From its origin in 1880 through its golden years in the first half of the 20th century, Rookwood Pottery enjoyed international fame and recognition. Unfortunately, the onset of the great depression reached far and wide, and declining revenue and debt began to take its toll. With the passing of John D. Wareham in 1954, I believe Rookwood lost its artistic soul, and it never recovered for these reasons: · Times had changed. The market for fine decorated ware after WWII declined dramatically. · Inexpensive mass-produced decorator ceramics became popular, spurred by the postwar housing boom. · Dwindling sales led to a series of changes in ownership that lacked the creative vision of its founder, Maria Longworth (Nichols) Storer and her successors. · Finally, relocation of the operation from Cincinnati, OH, to Starkville, MS, in 1960 by the Herschede family sealed its fate. By removing Rookwood from a culturally sophisticated metropolitan setting to a barren rural environment, the new owners were unable to resuscitate the failing enterprise.
As Will Rogers once remarked: “You can’t heat an oven with snowballs.” In the case of Rookwood Pottery, you needed the fire of creative artists and decorators whose practiced medium was painting and pottery decoration. The Cincinnati Art Academy had been such a rich resource in the past. It was vases, such as the “Black Iris” by Carl Schmitt, that made Rookwood famous.

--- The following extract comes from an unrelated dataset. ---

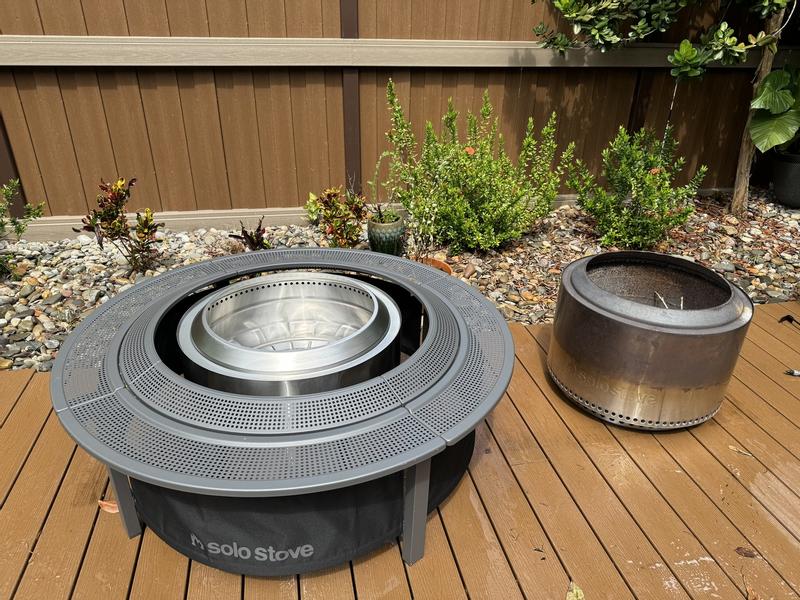 Photo submitted with review of product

I joined Rookwood in 1959 in a career switch from college Art instructor to designer right after Rookwood was purchased by the Herschede Hall Clock Company. My first role at Rookwood in Cincinnati was to master the tooling craft. My teacher was an extraordinary master potter and tool-maker, Earl Menzel, whose career spanned 63 years with Rookwood. My mastering Earl’s craft was essential in my employer’s mind because Earl was well over retirement age and would not be able to make the move to Mississippi.
After the relocation to Starkville, I managed the production of the current line of ceramic products and designed about 75 new shapes for the Rookwood line as well as for the parent company’s Herschede Hall Clock line, incorporating ceramic elements into the clock designs. The company’s marketing efforts fell flat despite its connections and compatible distribution channels through high-end jewelry and department stores.

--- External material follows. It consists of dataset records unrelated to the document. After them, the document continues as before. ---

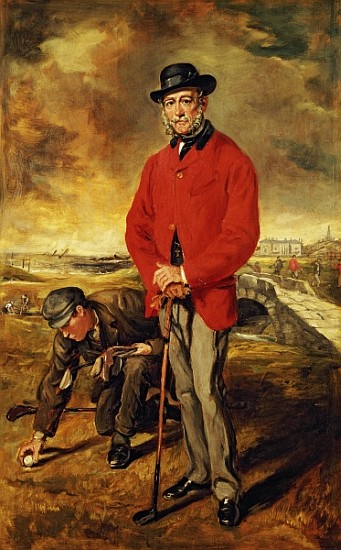 Portrait of John Whyte Melville de Sir Francis Grant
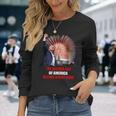 The Golden Age Of America Begins – Trump Inaugurationpeech 長袖Tシャツ 彼女への贈り物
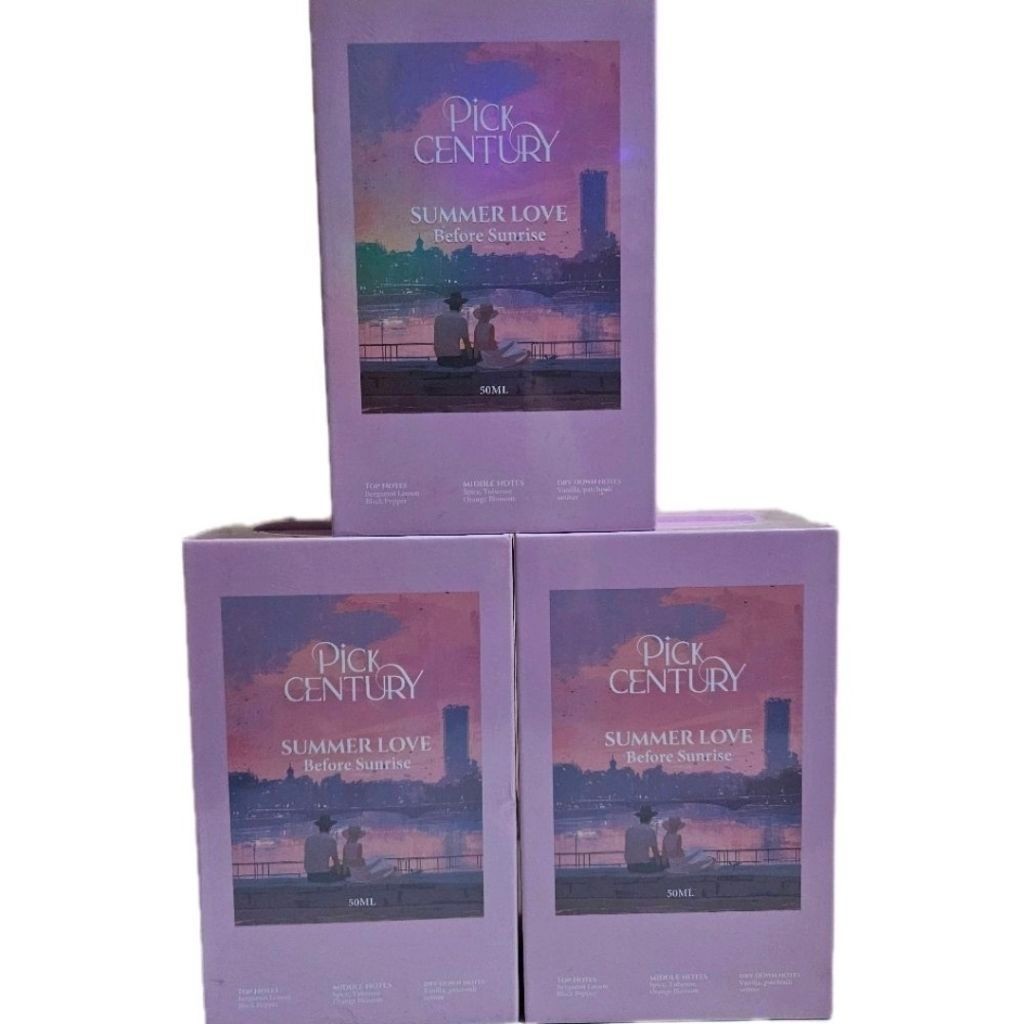 Parfum Pick Century Summer Love Before Sunrise 50ml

By the time Rookwood suspended production, my wife and I had established The Gift Gallery, an art gallery where I taught classes in painting, ceramics and sculpture, exhibited regional artists’ work and retailed art supplies, custom frames, books and select gift lines. In addition, I taught art classes for Mississippi StateUniversity in Starkville. This led to a full-time position as Associate Professor of Art at Mississippi State College (now University) for Women in Columbus, MS.
The Starkville operation closed its doors in 1967. The tooling, molds and distinctive trademark were purchased by the Townley family, avid collectors of fine art pottery. The original Rookwood Pottery on Mt. Adams now houses a restaurant, and the kilns —in which the exquisite ceramics were fired—serve as booths for diners. *I am virtually the last signature artist associated with the Rookwood era prior to 1967.
Footnote: The remnants of Rookwood so lovingly preserved by the Townleys were purchased by a group of investors in 2004 and an attempt is being made to resuscitate the old trademark and classic tile work that made the company famous. The jury is still out on whether or not the revival succeeds.